Nope. Insert was made back when ya just shoved them in the fireplace with no liner.


----------



## DFLORY (Oct 25, 2011)

when did they start designing for liners? probly to old for a cat then right.. Anyway if a liner could be hooked up I wonder how that would effect performance, being that it wasnt designed for a liner..


----------



## BrotherBart (Oct 25, 2011)

It is possible that it would have too much draft given that it wasn't designed and tested with a liner. But it is a moot point. You would not be able to install a liner without a bunch of air leaks right at the stove collar on that thing. Liners install INTO stove collars. Not over them.

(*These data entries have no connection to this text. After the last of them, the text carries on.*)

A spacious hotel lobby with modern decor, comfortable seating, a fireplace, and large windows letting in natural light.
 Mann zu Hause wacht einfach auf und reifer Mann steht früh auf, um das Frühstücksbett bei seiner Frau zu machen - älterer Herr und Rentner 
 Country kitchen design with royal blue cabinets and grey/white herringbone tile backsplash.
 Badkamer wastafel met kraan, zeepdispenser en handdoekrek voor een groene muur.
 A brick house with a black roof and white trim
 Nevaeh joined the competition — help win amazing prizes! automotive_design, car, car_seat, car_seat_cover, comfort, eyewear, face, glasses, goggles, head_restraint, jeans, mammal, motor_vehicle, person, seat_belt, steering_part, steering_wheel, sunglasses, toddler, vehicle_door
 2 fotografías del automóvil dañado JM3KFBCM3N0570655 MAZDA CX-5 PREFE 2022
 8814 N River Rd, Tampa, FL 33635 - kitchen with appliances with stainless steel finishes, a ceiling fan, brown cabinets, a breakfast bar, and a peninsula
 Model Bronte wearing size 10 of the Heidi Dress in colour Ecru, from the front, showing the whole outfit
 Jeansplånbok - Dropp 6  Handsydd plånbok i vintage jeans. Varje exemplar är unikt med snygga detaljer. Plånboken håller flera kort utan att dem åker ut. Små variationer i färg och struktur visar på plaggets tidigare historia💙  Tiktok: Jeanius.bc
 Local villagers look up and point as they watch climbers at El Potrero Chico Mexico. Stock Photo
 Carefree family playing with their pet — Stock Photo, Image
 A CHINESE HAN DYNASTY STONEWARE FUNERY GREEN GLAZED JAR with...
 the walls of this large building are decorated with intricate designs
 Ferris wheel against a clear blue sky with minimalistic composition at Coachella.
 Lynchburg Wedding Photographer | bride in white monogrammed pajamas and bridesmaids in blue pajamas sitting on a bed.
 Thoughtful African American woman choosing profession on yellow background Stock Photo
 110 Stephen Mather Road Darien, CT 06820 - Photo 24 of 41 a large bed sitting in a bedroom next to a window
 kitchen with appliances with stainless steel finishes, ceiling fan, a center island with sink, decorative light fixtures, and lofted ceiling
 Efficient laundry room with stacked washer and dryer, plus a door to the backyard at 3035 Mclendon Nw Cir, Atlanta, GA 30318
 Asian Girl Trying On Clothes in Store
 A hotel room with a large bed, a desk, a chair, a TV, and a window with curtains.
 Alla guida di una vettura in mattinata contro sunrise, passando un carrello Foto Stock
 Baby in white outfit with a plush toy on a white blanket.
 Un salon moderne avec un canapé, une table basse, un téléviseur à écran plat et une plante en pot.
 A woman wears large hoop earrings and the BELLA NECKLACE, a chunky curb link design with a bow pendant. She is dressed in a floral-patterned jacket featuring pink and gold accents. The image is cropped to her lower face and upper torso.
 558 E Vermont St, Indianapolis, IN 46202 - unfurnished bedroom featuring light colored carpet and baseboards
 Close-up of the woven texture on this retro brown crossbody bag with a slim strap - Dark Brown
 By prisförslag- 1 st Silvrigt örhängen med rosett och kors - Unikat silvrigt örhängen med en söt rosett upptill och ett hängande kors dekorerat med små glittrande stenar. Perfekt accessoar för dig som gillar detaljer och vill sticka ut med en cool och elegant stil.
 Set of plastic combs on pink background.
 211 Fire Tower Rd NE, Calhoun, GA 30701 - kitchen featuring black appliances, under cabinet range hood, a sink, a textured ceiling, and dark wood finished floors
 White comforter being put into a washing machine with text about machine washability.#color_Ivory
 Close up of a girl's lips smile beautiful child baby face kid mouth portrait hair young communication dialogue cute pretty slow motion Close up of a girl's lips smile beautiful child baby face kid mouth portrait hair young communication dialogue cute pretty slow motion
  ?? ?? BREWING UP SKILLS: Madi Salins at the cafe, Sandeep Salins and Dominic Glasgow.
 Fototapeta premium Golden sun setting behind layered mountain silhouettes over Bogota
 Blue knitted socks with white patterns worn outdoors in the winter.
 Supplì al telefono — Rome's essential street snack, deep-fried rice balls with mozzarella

And that whole damper rig is in the flue collar in the way.

And to answer the next question, no you do not want to cut that damper setup out of the stove.


----------



## DFLORY (Oct 25, 2011)

Ha! good call guess Im barking up the wrong tree with this one.  A) cant even ID model or even approx year B) cant use a liner with it.  The search continues..    thanks for the help fellas.


----------



## tickbitty (Oct 25, 2011)

http://detroit.craigslist.org/okl/hsh/2662857422.html

Maybe?


----------



## DFLORY (Oct 25, 2011)

not bad! Looking for an insert though.. tough to find a nice one on the cheap..


----------



## tickbitty (Oct 25, 2011)

DFLORY said:
			
		

> not bad! Looking for an insert though.. tough to find a nice one on the cheap..


I gotcha.  I tried to do the same for a couple years, brought home a nice Englander 24JC for the right price, and found I couldn't use it because my hearth isn't raised, then I just missed a nice Lopi revere for under $1000... ended up buying a Lopi Republic 1750i at dealer price on the last possible day of the tax credits that year (2009).  Good luck hope you find it out there!


----------